Data for analysis.
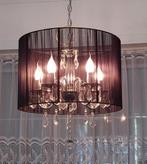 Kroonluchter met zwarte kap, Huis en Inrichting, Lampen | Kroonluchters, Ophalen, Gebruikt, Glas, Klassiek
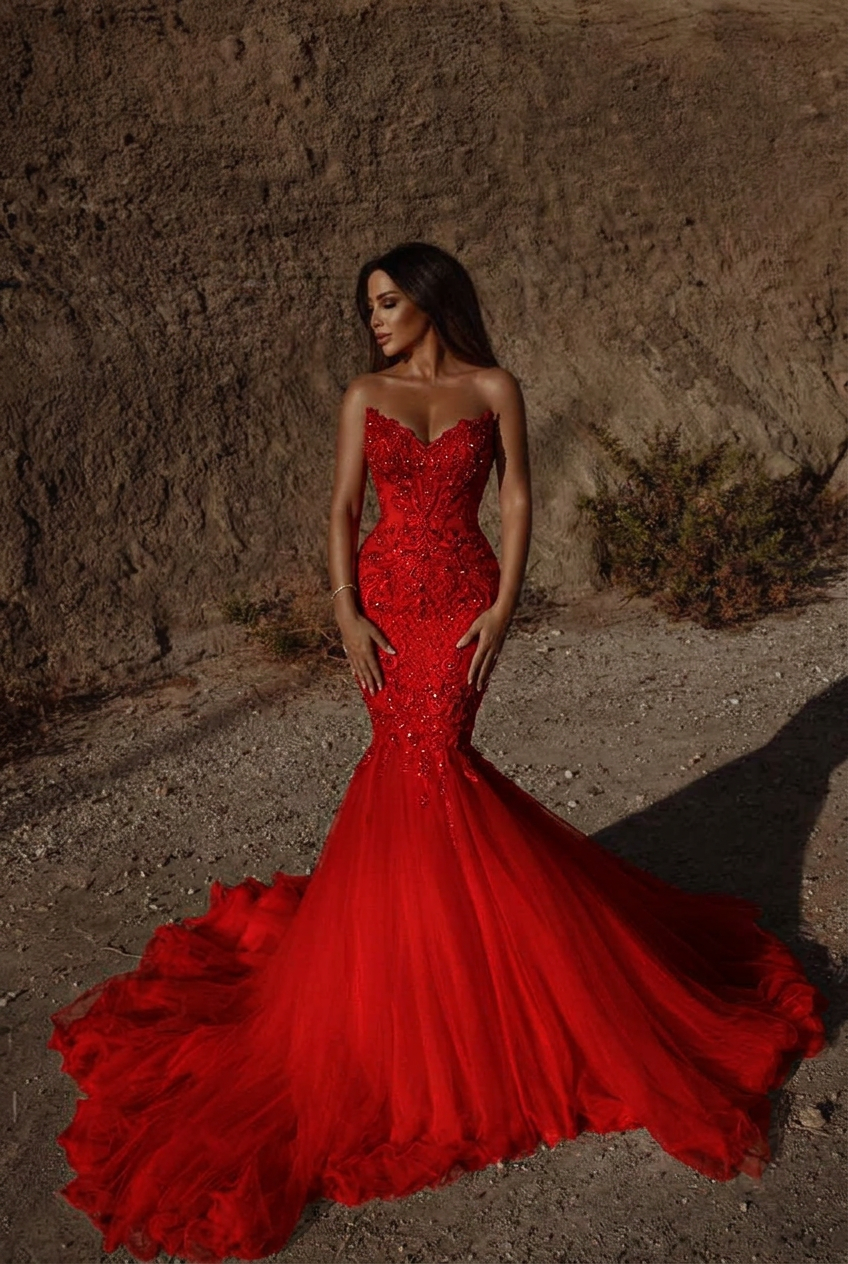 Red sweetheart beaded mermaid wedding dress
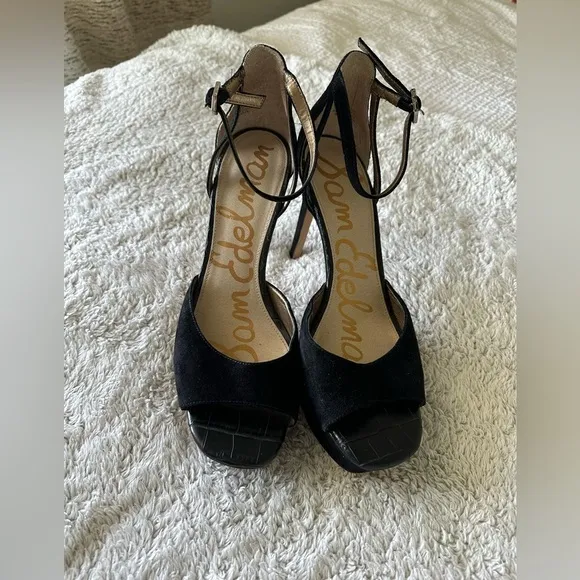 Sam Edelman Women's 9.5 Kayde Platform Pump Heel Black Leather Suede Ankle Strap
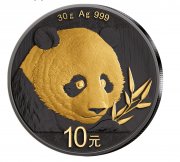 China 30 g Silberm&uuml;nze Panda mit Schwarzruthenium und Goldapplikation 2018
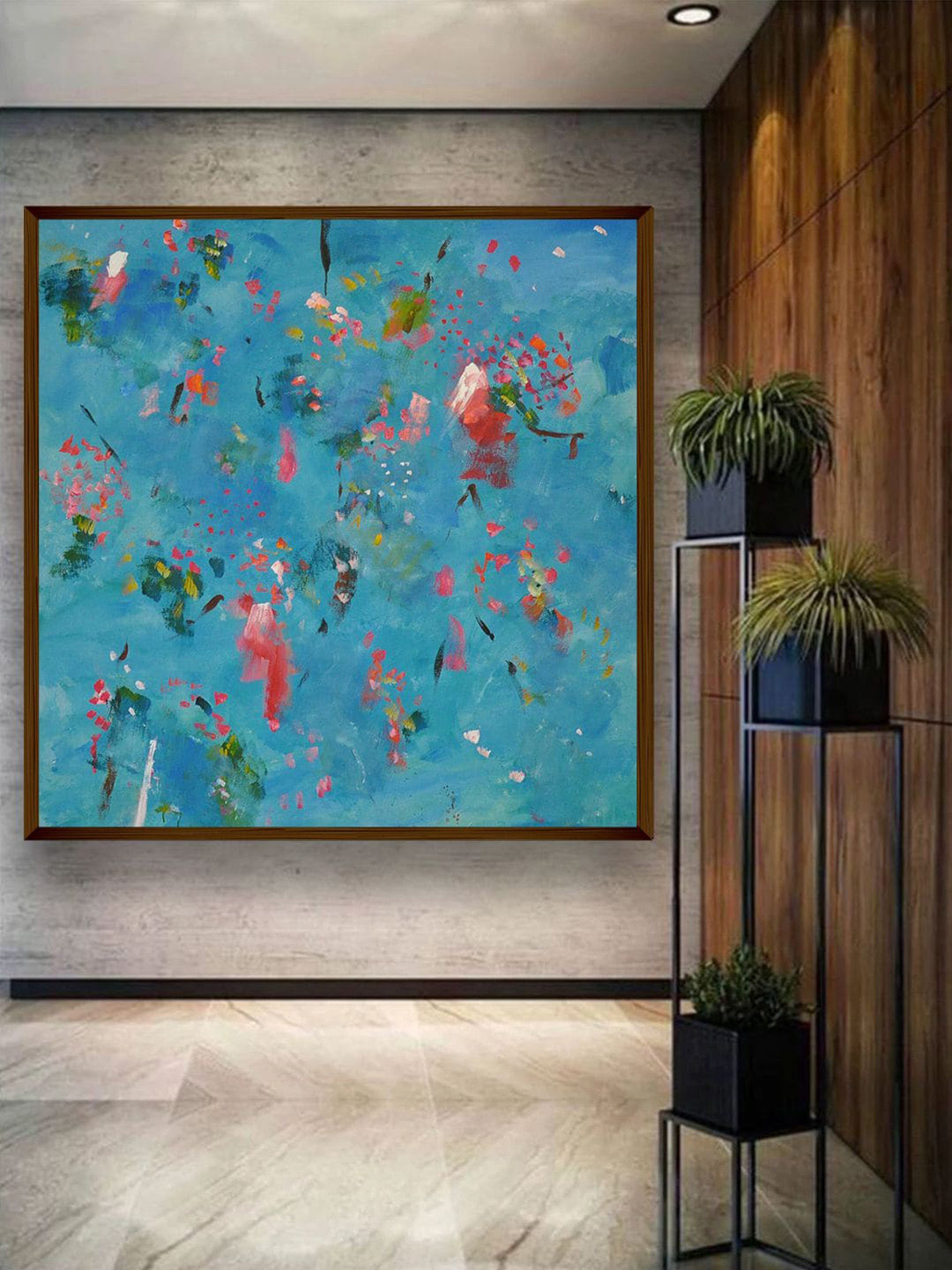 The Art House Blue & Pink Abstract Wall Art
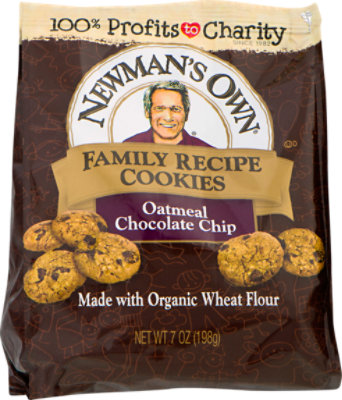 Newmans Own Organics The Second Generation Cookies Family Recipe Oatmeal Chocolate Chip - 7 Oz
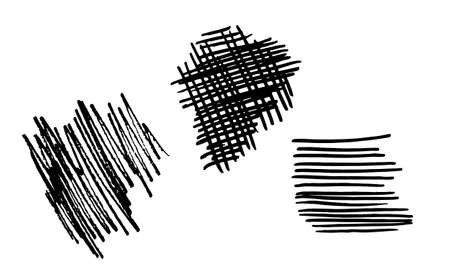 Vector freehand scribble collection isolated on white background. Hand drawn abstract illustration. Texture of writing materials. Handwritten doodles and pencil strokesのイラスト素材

Exercise prompt. In the records above, find the line containing "Newmans Own Organics", then write out exactly that line and every later one through the last, omitting pictures.

Response to this task.
 Newmans Own Organics The Second Generation Cookies Family Recipe Oatmeal Chocolate Chip - 7 Oz
 Vector freehand scribble collection isolated on white background. Hand drawn abstract illustration. Texture of writing materials. Handwritten doodles and pencil strokesのイラスト素材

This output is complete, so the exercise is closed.